■ **About this task**: Beginning with the line containing "500 шт./лот Заводская" and ending with the line containing "Milk Frothing Pitcher, 350ml/600ml", write out each line of the records below exactly; pictures and lines outside that range are left out.

■ **Data in this exercise**:
⁂

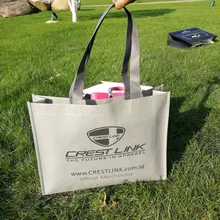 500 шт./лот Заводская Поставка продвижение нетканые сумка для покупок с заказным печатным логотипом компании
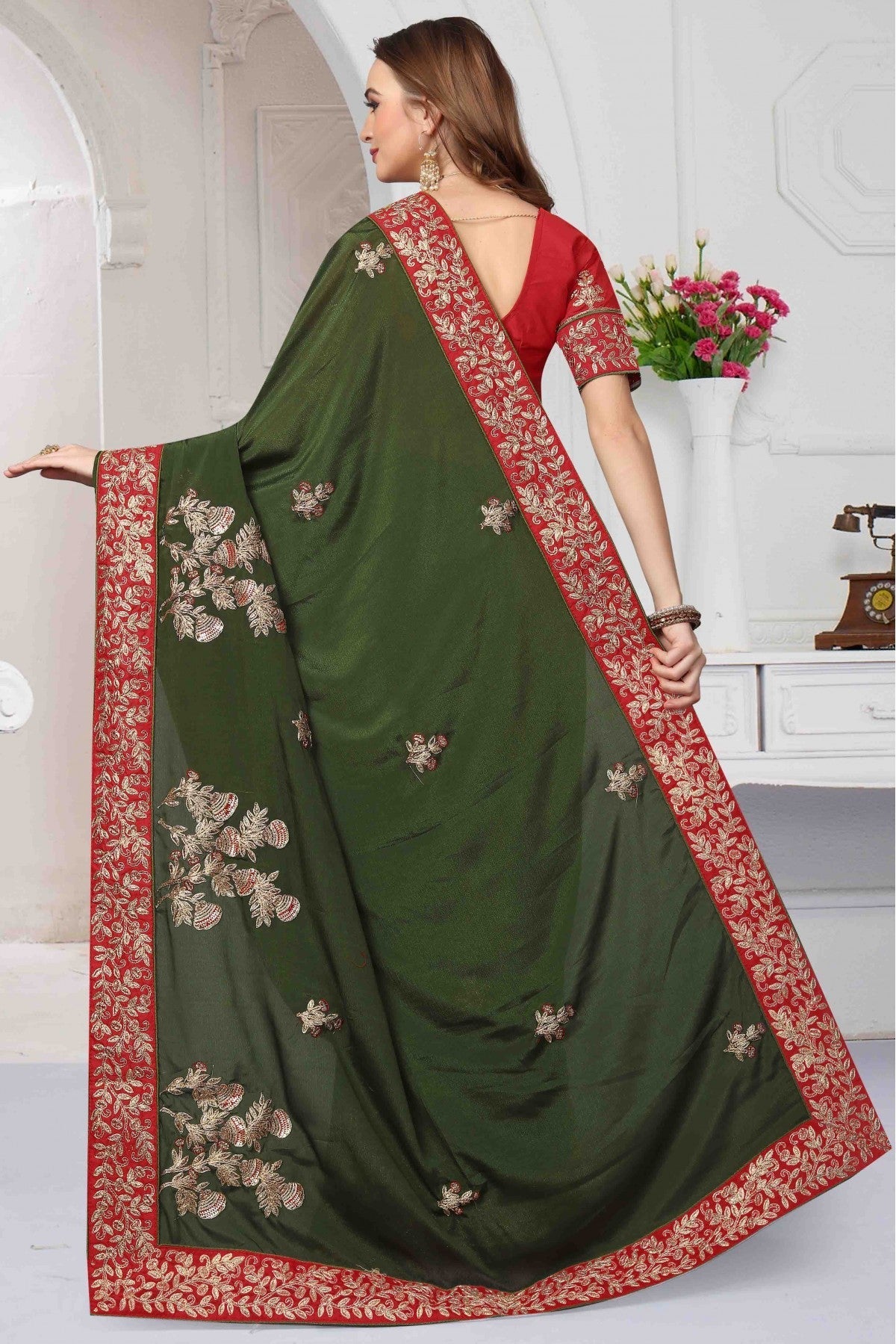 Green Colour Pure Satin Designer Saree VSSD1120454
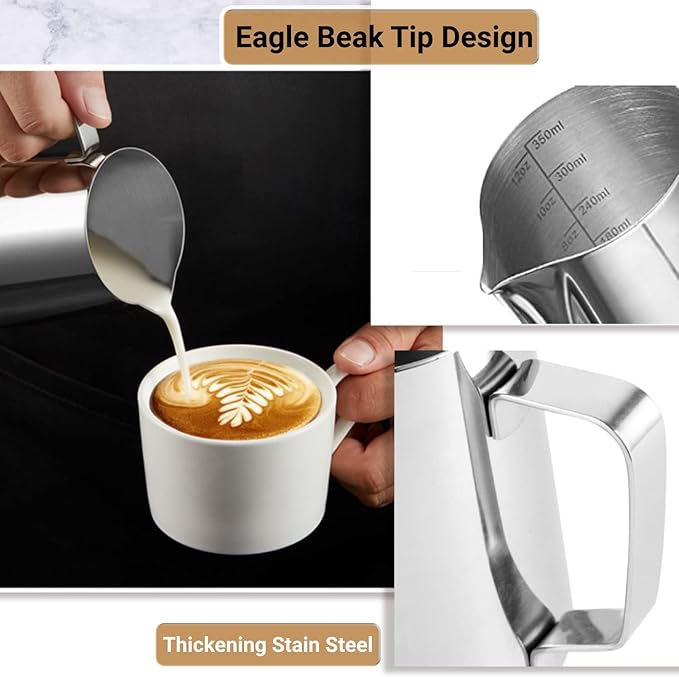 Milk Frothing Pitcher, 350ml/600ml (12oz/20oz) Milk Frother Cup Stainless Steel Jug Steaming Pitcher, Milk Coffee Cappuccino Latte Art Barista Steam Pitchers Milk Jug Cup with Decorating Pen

⁂

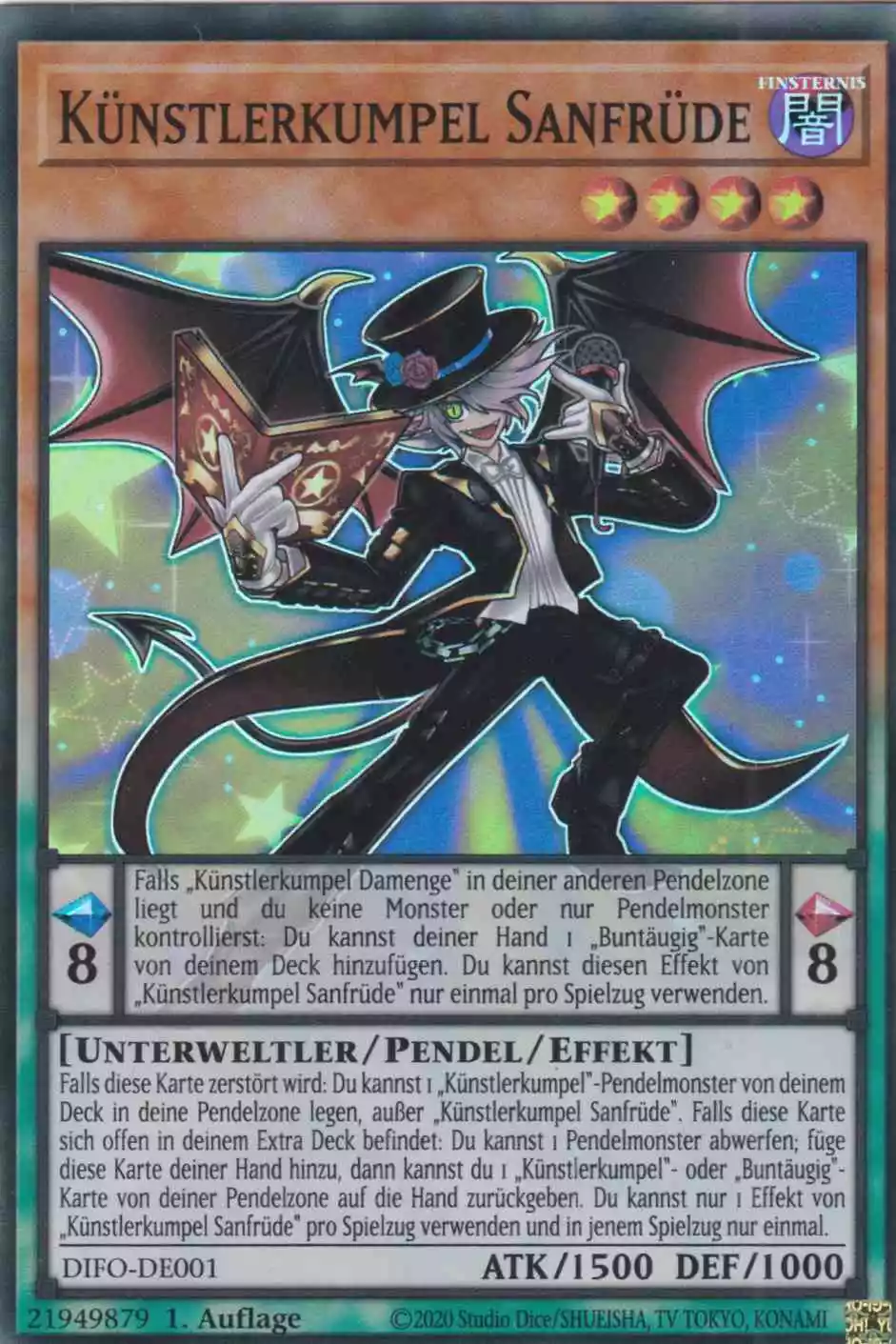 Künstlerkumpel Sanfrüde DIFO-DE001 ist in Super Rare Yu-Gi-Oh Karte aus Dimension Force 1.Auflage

⁂

■ **Problem solution**:
 500 шт./лот Заводская Поставка продвижение нетканые сумка для покупок с заказным печатным логотипом компании
 Green Colour Pure Satin Designer Saree VSSD1120454
 Milk Frothing Pitcher, 350ml/600ml (12oz/20oz) Milk Frother Cup Stainless Steel Jug Steaming Pitcher, Milk Coffee Cappuccino Latte Art Barista Steam Pitchers Milk Jug Cup with Decorating Pen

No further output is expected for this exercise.